メディアが勝手に「5月決着断念」を打つメチャクチャ [普天間報道を疑え]  (日刊ゲンダイ2010/5/21)

基地はなくならない

◇これぞ、悪意のマッチポンプ
今月14日、新聞各紙にはデカデカと「普天間5月末決着断念」の活字が躍った。「首相、月内断念を表明」と打ったのは読売新聞。多くの読者は鳩山の敗北宣言と見たはずだ。ところが、鳩山はこの時、「断念」の「だ」の字も言っていないのである。

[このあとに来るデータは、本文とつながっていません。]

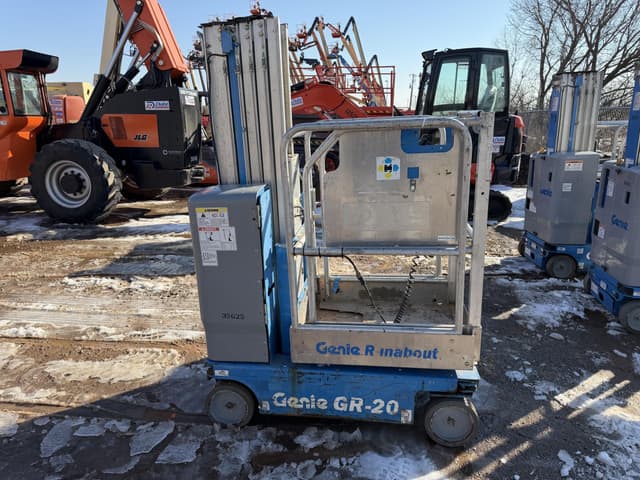Image of Genie GR-20 equipment image 4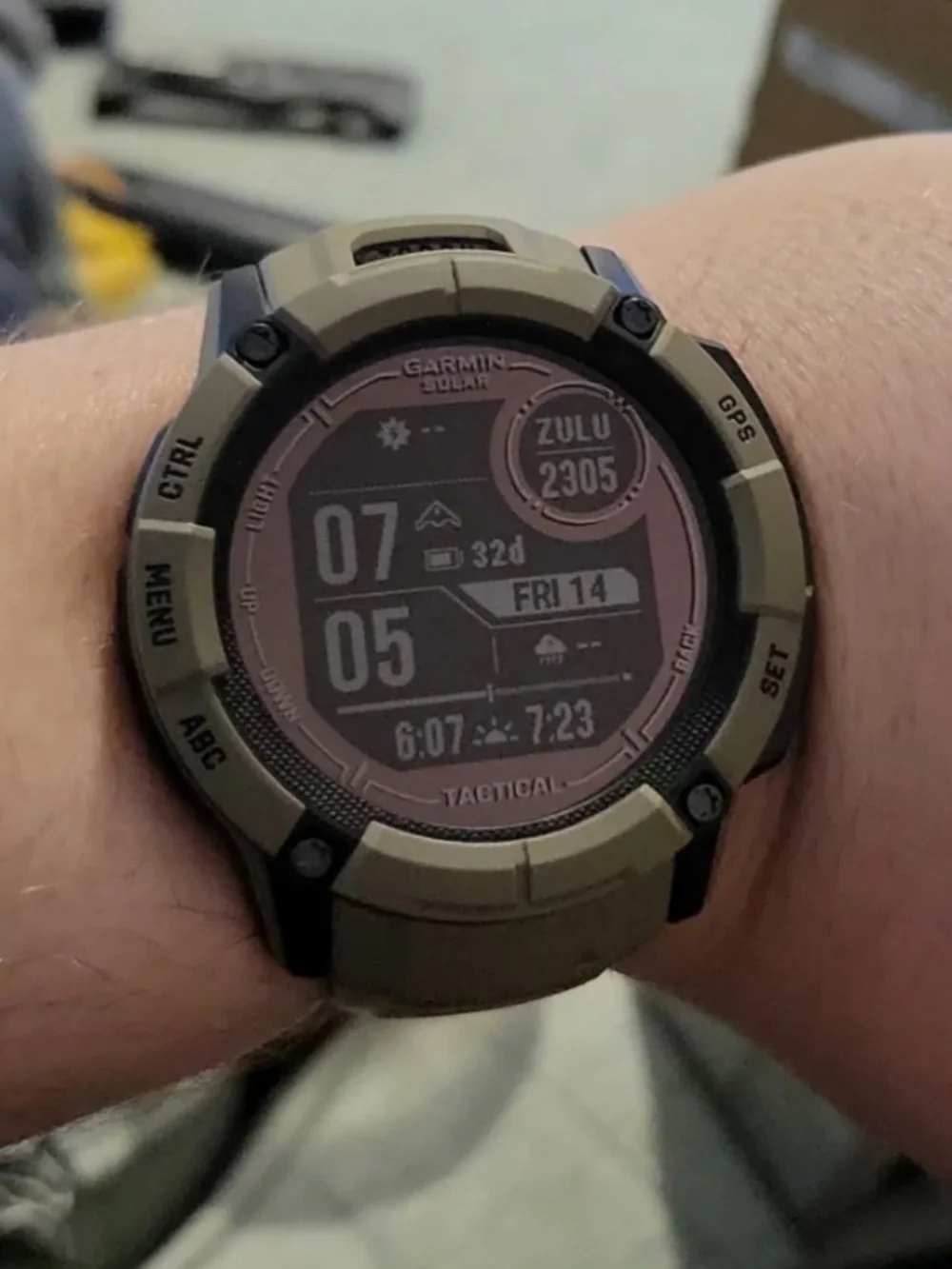 garmin instinct 2x tactical solar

「5月末までに決着するという考え方を変えたわけではない。ただ『5月ですべてのことができあがった』ということには、なかなか難しいかもしれない」「6月以降も詰める必要があるところがあれば、努力する」
この発言が「断念表明」になってしまったのである。鳩山はこの日、舌足らずな説明が「断念報道」につながることを警戒し、夕方のぶらさがり会見で「私の考え方は5月末決着というものを断念したわけでもありません」と念押しした。それでも、「断念」と書かれ、大新聞は末尾に「首相の責任問題に発展する」と付け加えた。
もちろん、5月末決着を言い出したのは鳩山自身だ。しかし、今まさに対米交渉が大詰めのときに、大マスコミは首相の発言の“揚げ足"を取り、追い込もうとする。

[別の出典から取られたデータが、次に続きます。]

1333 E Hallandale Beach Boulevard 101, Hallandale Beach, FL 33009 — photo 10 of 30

地元の説得に乗り出しているときに、首相の責任問題をことさら煽る。

これではまとまるものもまとまらない。まとまらなければ、またなじる。悪意のマッチポンプ報道が繰り返されているのである。
大メディアの鳩山バッシングは他にもある。鳩山が4月13日にワシントンでオバマ大統領と非公式会談したときのことだ。中国の胡錦濤国家主席が1時間も会談したのに鳩山がたった10分間だったことをあげつらい、ワシントン・ポスト紙が書いた「最大の敗者」なんて言葉を喜々として引用していたが、この会談についての報道には政府高官も首をかしげている。

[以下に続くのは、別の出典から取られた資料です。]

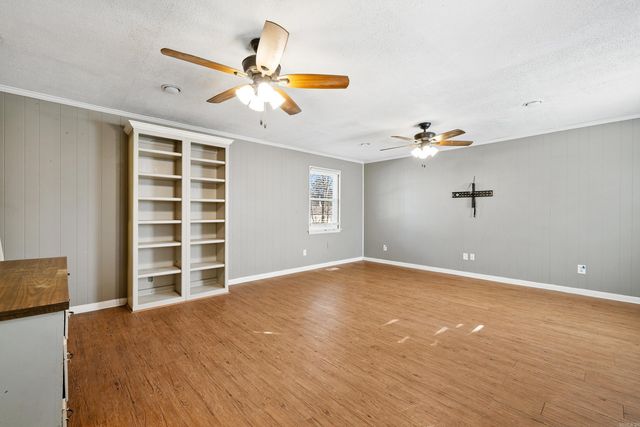 1213 N Shady Lane, Bauxite, AR 72015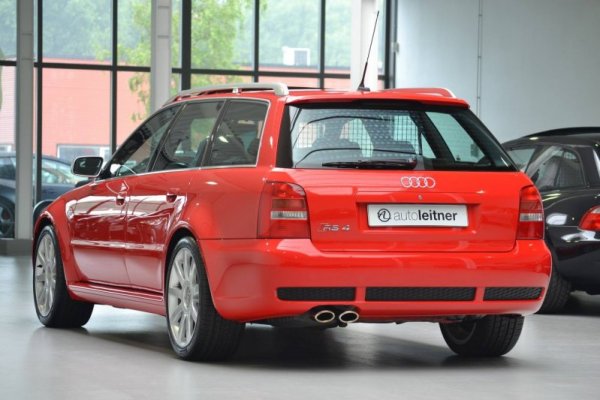 Първото поколение Audi RS4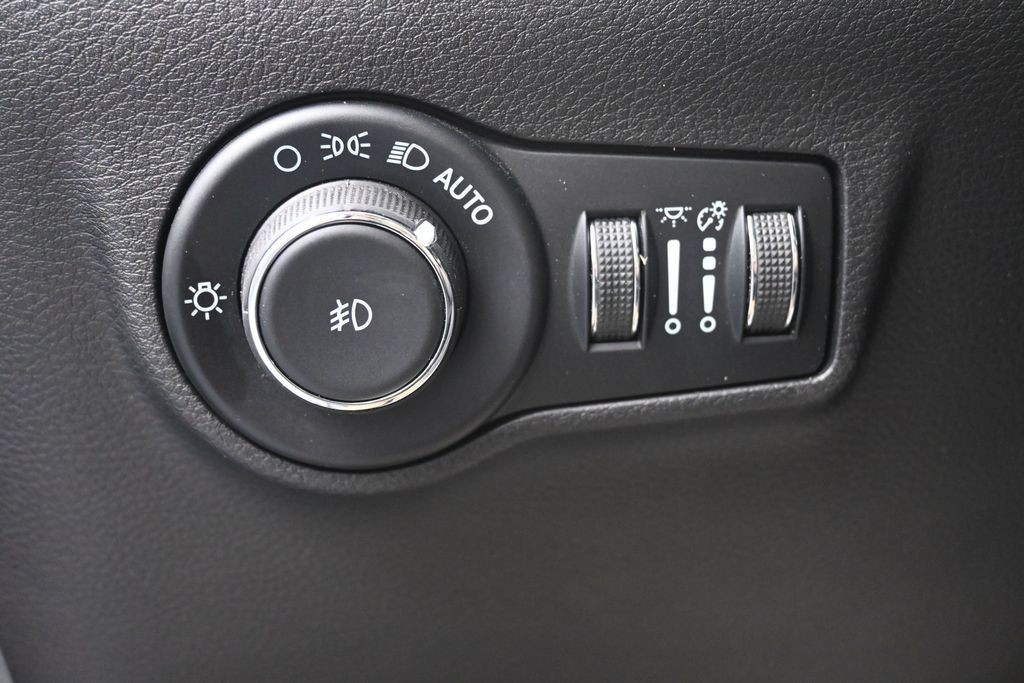 Jeep Compass Vehicle Full-screen Gallery Image 18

「オバマ大統領が鳩山首相に対し『キャン・ユー・フォロー・スルー』(最後までやりとおせるのか)と迫ったと書かれましたが、大統領は断じて、こんなセリフを吐いていない」と言うのである。
この発言をもって「鳩山、オバマに怒られた」と報じたメディアもあったから意図的だ。


鳩山の窮地の象徴となった4月の沖縄の大規模県民集会も怪しい。テレビは鳩山批判のコメントばかりを集めて流したし、主催者は9万人が集まったと発表、メディアもそう書いたが、警察や消防が確認したわけでもなく、「写真を見てもスカスカ。どう考えても9万人は大げさだ」(官邸筋)と言う。一事が万事、こういう積み重ねなのである。
これじゃあ、支持率も落ちるし、鳩山だってやってられない。内からの鉄砲に気をつけなければならないのだから、つらいところだ。